日本は今未曾有の変化の只中にいます。経済、ビジネス、経営、マーケティングが覆るような変化です。ここ2年くらいで始まりました。それをPerceptronによるAIでの変化とでも呼ぶべきでしょうか。


では変化の中においても一向に変わろうとしない日本企業の未来への人材育成を誰に託したらよいのでしょう。
小学生から大学まで子供たちが自分で考えられるようにと教育方法・育成方法を変えているのに、その先の社会・会社にいる人たちは変化を全く意に介さず何もしていないのです。
目に見えないところではどんどんと変化しているのです。その現実をしっかりと見ていないのです。 

  • 何を変えてよいのかわからない
  • 今のままで安定しているので変える必要はない
  • 他社が変えたら自分らも変える
  • トップからの指示がない

これが今の日本企業の現実です。
何を変えたらよいのかということばかりを考えているからです。
自分の能力、知識、資質、すべての回答を出そうとしているからです。
しかし、自分の本当の能力を何十年も使っていないので、いつまでたっても自分の知っている範囲での思考になっているのです。

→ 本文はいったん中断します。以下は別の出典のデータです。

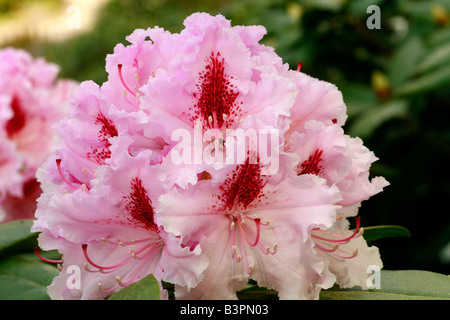 Rhododendron "Furnivall Tochter" Stockfoto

人に考えるようにと言っていながら自分は考えていないのです。何を考えればよいかがわかっていないのです。
それが日本人の良いところでもあるのです。

常に自分の足元を見て、とても現実的でしっかりとしているのです。Farmerです。足元を常にきちんと固めて一年間かけて種をまいて、肥料をやり、害虫にやられないように手厚く保護し、結果を期待して草木を成長させるのです。絶対に大切なことなのです。

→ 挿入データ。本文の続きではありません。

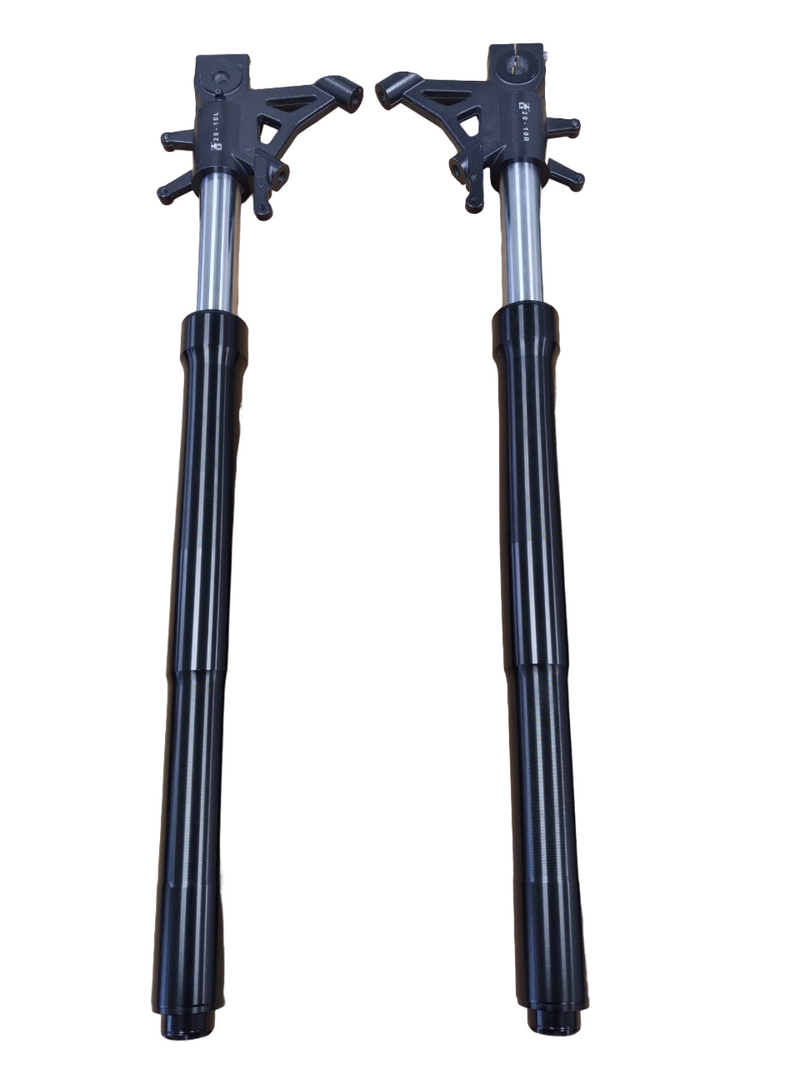 Shocks for EM2 - BLACK (2021)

今世の中はものすごい勢い、スピードで変革しています。しかしその内容はIT業界のソフトの開発がほとんどで皆さんは目に見ることができないのです。結果がでてから気がつくので、そのアイデアにびっくりして単にフォローしているのです。あ、こんなことができたのか…。
そしてそれを応用することばかりを考えて、それが自分のアイデアであるかのごとく錯覚しているのです。

私共のレーニング、セミナーにはものすごく知識があり、能力も経験もある方々で、人にものを教えたり、人のために教育をしようとしている人が多くいらっしゃいます。
その方々は周囲の人たちからはよく物事を知っている、多くのことを教えてくれると感謝され、尊敬されていました。
大学入試のための大学予備校みたいなものです。しかし今ではそのようなものはどんどんと廃れているのが現況です。それらは創造性の勉強ではないからです。
勉強の目的が知識を蓄積することであり、答えを教えてくれる昔の教育方法を継続しているからです。解を求め、その解を得るやり方が気持ちがよいのです。 たぶんほとんどの皆さんがそうでしょう。もしあなたがその仲間ならばどのようにそこから脱出すればよいのかを考えることです。あなたの首には鎖がついているのです。そこから脱しようとすると鎖が邪魔をするのです。そっちへ行ってはいけないよ、と。
このようなことは日本以外ではありえないのです。日本以外の国々では今まで自由にオープンに思考を使ってきていたから、束縛されることが全くないのです。

皆さんがよいと思っている30年来の習慣から抜け出せずに気がついた時にはほかの国々に比べて何周も何十年も後れを取っているでしょう。
皆さんは答えを求めて歩いているのです。
今までは答えが必ずあったのです。Perceptronを人工頭脳が感じ始めた途端に人間の一部がどこかにワープされはじめたのです。 
全てはこの答えを求める習慣をいかに断ち切るかにかかっているのです。

ほとんどの人にとっては自分の首にある首輪のように、ある人にとっては自分の裁量が決まっているかのような錯覚にとらわれています。本当はもっと大きな世界にとびだしたいと思うような気づき、人によっては今の自分の習慣を取り除くのではなく、考え方を変容させなければならないような大手術が必要かもしれません。
昔の栄華をいつまでも追い続けているのです。それをComfort zoneと私たちは呼んでいます。

今まで10年、20年かけて自分が信じてやまない成功法をそんなにたやすく手放すことはだれにもできません。簡単に言えば自分で築いた成功法則の夢を壊したくないからです。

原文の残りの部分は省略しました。